Member of the Gauteng Provincial Legislature
- Incumbent
- Assumed office 2019

Member of the National Assembly of South Africa
- In office 2014–2019
- Constituency: Gauteng

Personal details
- Born: Anton De Waal Alberts 1970 (age 55–56)
- Party: Freedom Front Plus
- Education: University of Johannesburg
- Occupation: Politician
- Profession: Lawyer

= Anton Alberts (politician) =

South African lawyer and politician (born 1970)

 Anton De Waal Alberts (born 1970) is a South African lawyer and politician.

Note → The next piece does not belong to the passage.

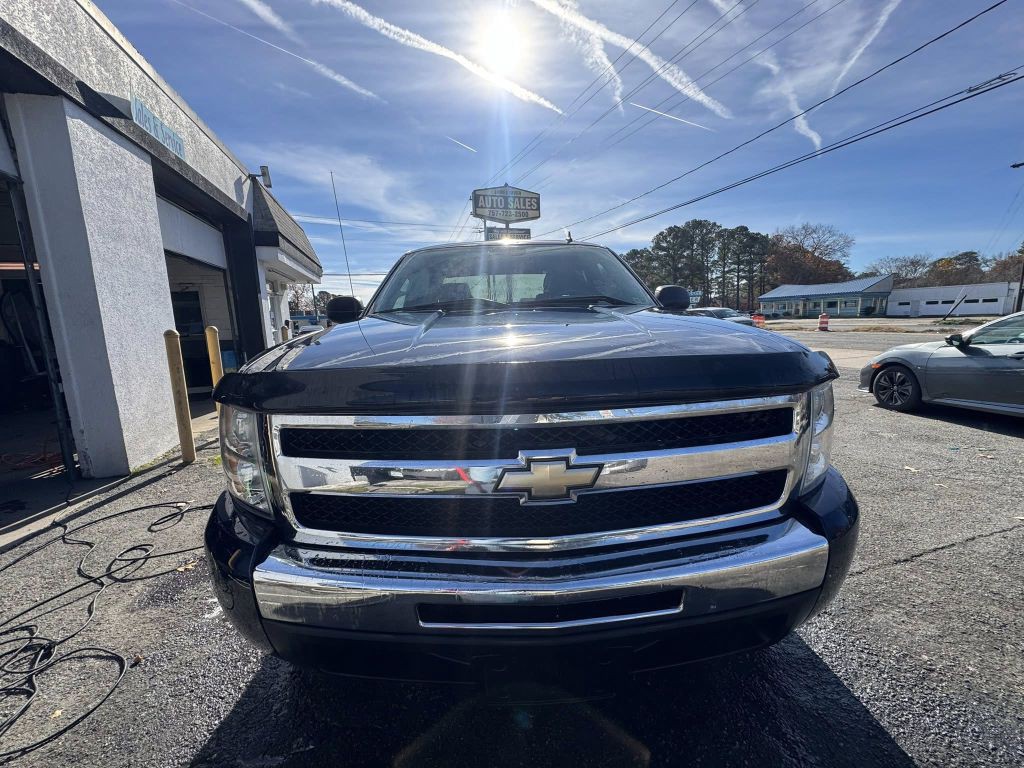 2010 Chevrolet Silverado 1500 Image 3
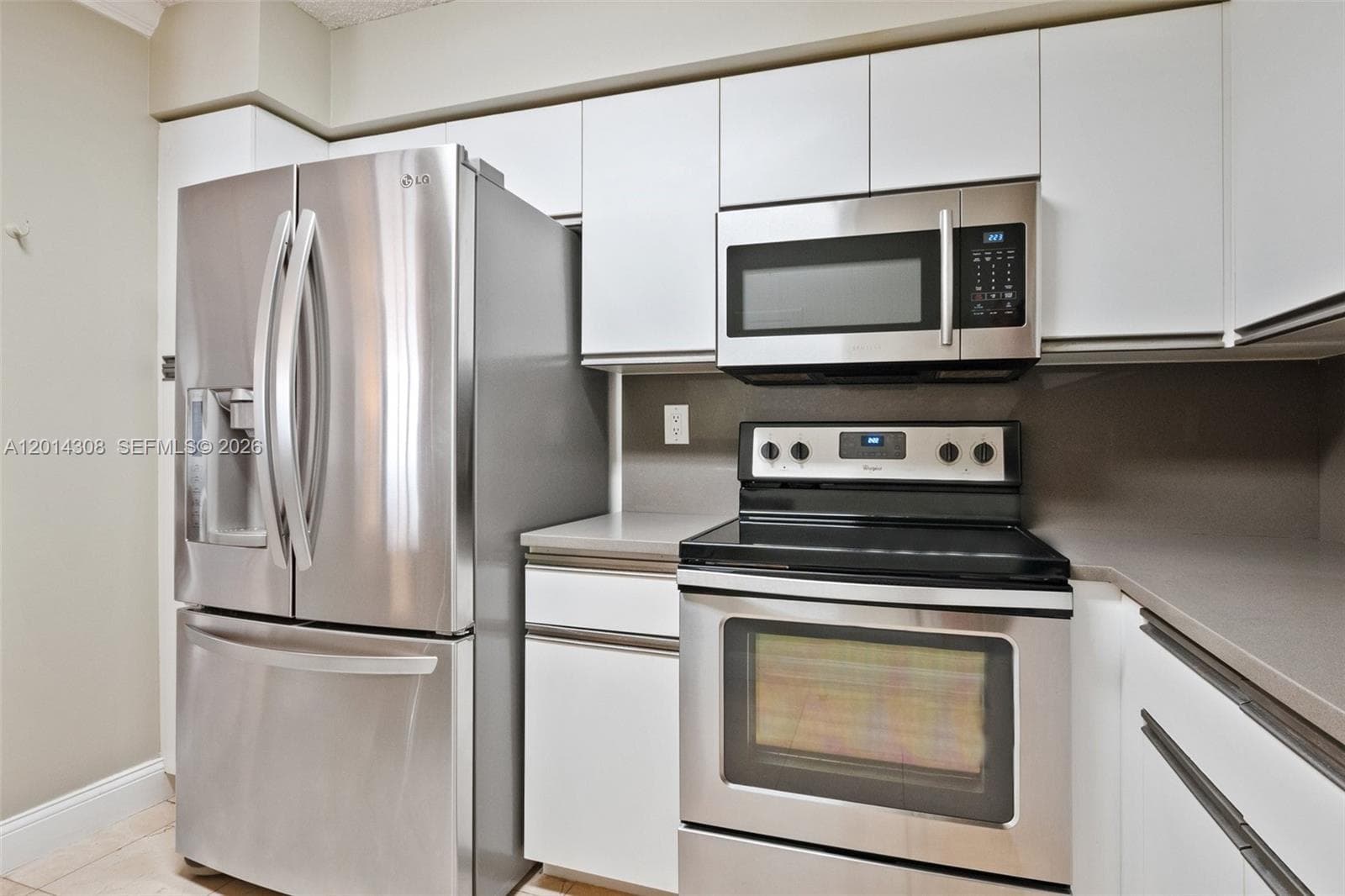 3400 192nd St 1707 photo 15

He serves as a member of the Gauteng Provincial Legislature as leader of the Freedom Front Plus.

==Early life==
Anton De Waal Alberts was born in 1970. He graduated from the Randse Afrikaanse Universiteit, where he earned an LLB degree, followed by a master's degree in International Law in 1998.

==Career==
Alberts taught the Law at his alma mater, the University of Johannesburg, as well as Technikon South Africa (now part of the University of South Africa), the University of the Witwatersrand and Rhodes University.

He is a member of Freedom Front Plus, where he serves as the National Chairperson. Between 2009–2019, Alberts has served as a member of the National Assembly of South Africa. After the 2019 general election he was elected to the Gauteng Provincial Legislature.

==Personal life==
Alberts resides in Gauteng, South Africa.